A música que vem a seguir não se chama "Verdade Universal" mas devia porque "No One Believes In Love Anymore" é praticamente uma tradução para inglês de tal frase. "The world has gone off the hinges, and the spinning begins" é um dos versos que nos explicam porquê. "A downards spiral, punctured balloon/ disfigured and pale looking up at the moon/ up at the moon/ we’ll all get there soon" confirma a história. A flauta ajuda a melodia a levar-nos para o imaginário onde possamos refletir sobre os problemas e as questões sérias que enfrentamos diariamente. O solo de flauta no final é idílico. Talvez púdessemos encontrar solução para o mundo como está nos dias de hoje. Talvez.
O fim aproxima-se. O disco não é muito extenso, tem apenas 11 canções. Fossem todas as 11 canções dos álbuns de 2017 como estas, com tanto conteúdo, e não saíamos daqui nem em 2020. Ficam a faltar duas músicas: a futurista "The Golden Age", que conta com uma voz off que não sei identificar (ainda que esta tenha letra para além do monólogo) e volta aos sons mais electrónicos, experimentais, psicadélicos que a certa altura são substituídos por uma melodia suave que traz de volta a melancolia, ainda que estejam no instrumental as inspirações "futuristas"; e a arcaica "Mountaineers", com John Grant (músico americano de indie rock) a entoar um cântico que nos lembra canto gregoriano e que só quando Susanne Sundfor começa a cantar começa a ser menos críptico. Repito: o alcance vocal desta artista é impressionante. O tom é bonito, mas o alcance vocal, algo entre o canto lírico e as inspirações pop que terá, é coisa para deixar uma pessoa absolutamente rendida à energia e ao sentimento que Susanne carrega na voz.
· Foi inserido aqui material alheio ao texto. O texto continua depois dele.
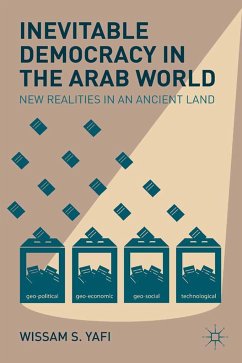 Inevitable Democracy in the Arab World - Yafi, Wissam S.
Eu já gostava da voz dela, mas acho que neste disco está muito mais clara, definida, se posso dizer assim. Já para não falar da escrita das letras, que é de quem sabe das coisas do mundo. É de quem se inspira no que vê, no que sente. E isso para mim é mais de meio caminho andado, bem sabem. Ora atentem nos últimos versos de "Mountaineers": "what it is, what it means/ now I know, will never be what you need, no/ what we are, what we want, it will never change/ we will break through your walls, unstoppable". Isto é de quem sabe da vida, vivida e sonhada. Ponto.
Quanto a Susanne Sundfor, acompanho o seu trabalho desde que lançou uma música com os M83 para a banda sonora do filme Oblivion, em 2013. Não vi o filme, não ouvi o resto da banda sonora porque o que ouvi chegou-me. A música foi-me sugerida porque eu gosto muito dos M83 mas o que me interessou mais foi aquela voz límpida e emocionante. Ainda por cima foram ao programa do Jimmy Kimmel apresentar a música e percebi que ela canta mesmo assim ao vivo. Depois fui ouvir os álbuns mais antigos e olhem... Fiquei sem palavras. Como dizem em inglês (só porque fica mais pomposo) breathtaking. Assim mais para dançar, a dupla norueguesa Röyksopp lançou uma música em colaboração com a Susanne que também gostei muito. Resumindo... Até hoje sou fã.